# LS 88 - Lab 4 - Reinhart and Rogoff

---

### Instructor Josh Quan & Eric Van Dusen

This notebook will explain how an excel file can be limited and hard to replicate by looking at a published research paper. The notebbook will explore the errors discovered from the paper through the analysis of means.

---
### Topics Covered
1. Exclusion of data affects results
2. Excel files can be limited and difficult to replicate


### Table of Contents

1. [Getting the Data](#data) <br>
2. [Context](#context) <br>
3. [Analyzing Means](#means) <br>
4. [Exploration](#explore) <br>
5. [Conclusions](#conclusions) <br>
6. [Bibliography](#bibliography) <br>



**Dependencies:**

Run the cell below and continue onwards!

In [None]:
from datascience import *
import numpy as np
import matplotlib.pyplot as plt
%matplotlib inline
plt.style.use('fivethirtyeight')

---

## Background <a id='background'></a>
In this notebook, you will be working with data used in Carmen Reinhart and Kenneth Rogoff's 2010 study "Growth in a Time of Debt". The paper concluded an economic growth severely suffers when a country's public debt reaches 90% of GDP (Gross Domestic Product).
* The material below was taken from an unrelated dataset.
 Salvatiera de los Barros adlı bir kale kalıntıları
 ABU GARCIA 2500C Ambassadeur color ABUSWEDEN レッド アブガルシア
They argue that the growth rate for these countries is -0.1. 
Reinhart and Rogoff's conclusions have been a subject of controversy due to methodological choices, and inability to reproduce findings.


---

## Context  <a id='context'></a>

While replicating the results, Herndon, Ash, and Pollin found issues with Reinhart's & Rogoff's analysis. One major error was a coding error that excluded 5 countries, as seen in the image below. R&R typed AVERAGE(L30:L44) instead of AVERAGE(L30:L49) in excel, which excluded Belgium from the analysis.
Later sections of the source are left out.